**What to work on**
Reproduce, from the lines below, exactly the stretch that begins at the line containing "NFL San Francisco" and ends at the line containing "TOP 10 Best", both included.

**Records for the task**

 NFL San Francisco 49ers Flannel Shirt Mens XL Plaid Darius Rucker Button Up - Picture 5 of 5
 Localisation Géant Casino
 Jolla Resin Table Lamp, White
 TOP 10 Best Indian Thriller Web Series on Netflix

---

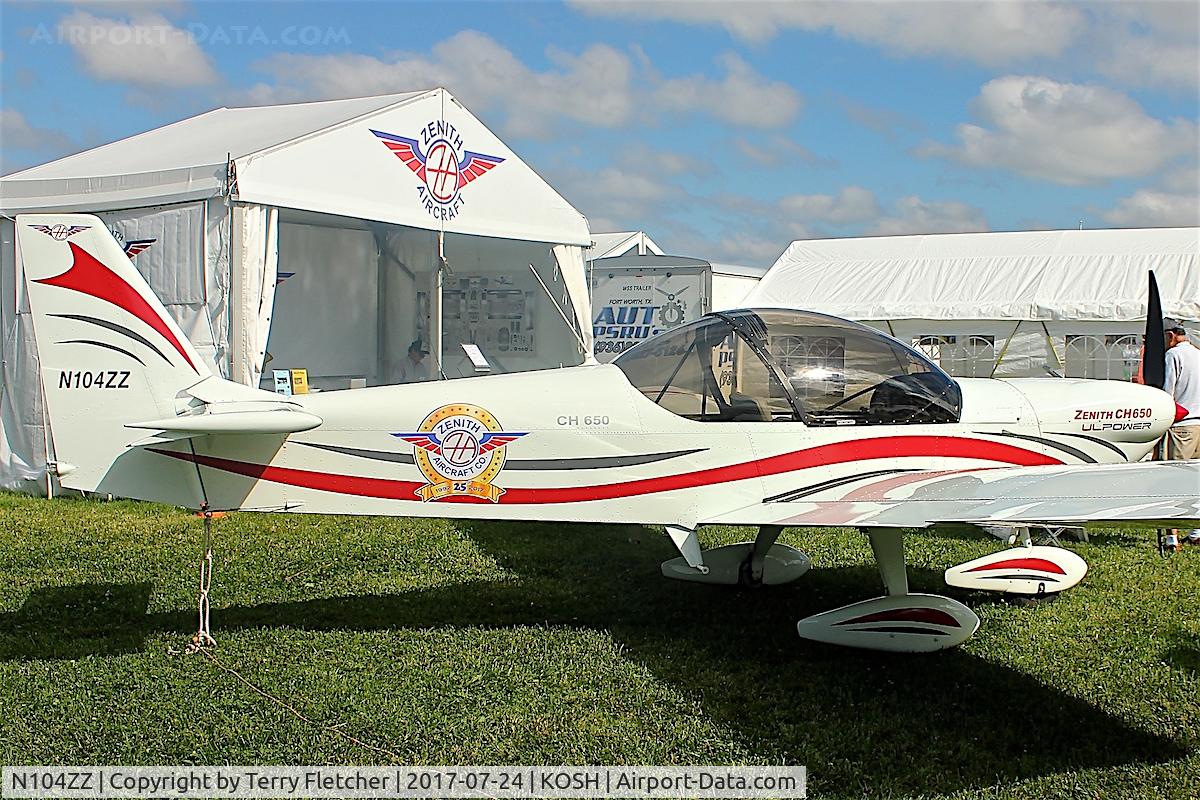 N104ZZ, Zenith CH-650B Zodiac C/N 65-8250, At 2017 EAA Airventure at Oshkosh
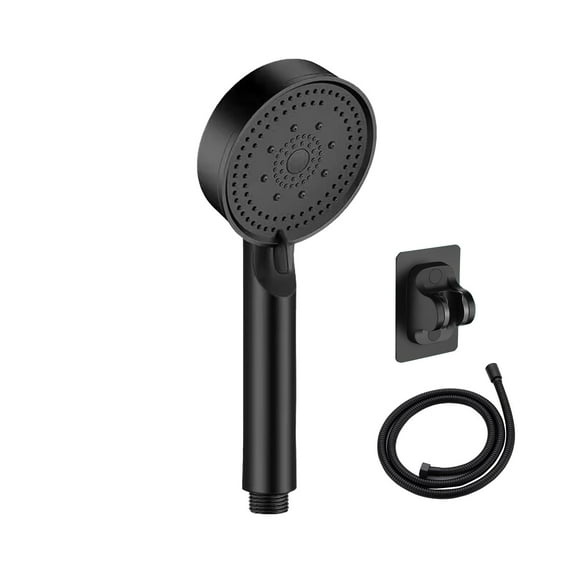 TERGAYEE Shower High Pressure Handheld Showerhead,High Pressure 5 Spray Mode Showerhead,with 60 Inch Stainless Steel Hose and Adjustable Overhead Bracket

**Answer to this problem**
 NFL San Francisco 49ers Flannel Shirt Mens XL Plaid Darius Rucker Button Up - Picture 5 of 5
 Localisation Géant Casino
 Jolla Resin Table Lamp, White
 TOP 10 Best Indian Thriller Web Series on Netflix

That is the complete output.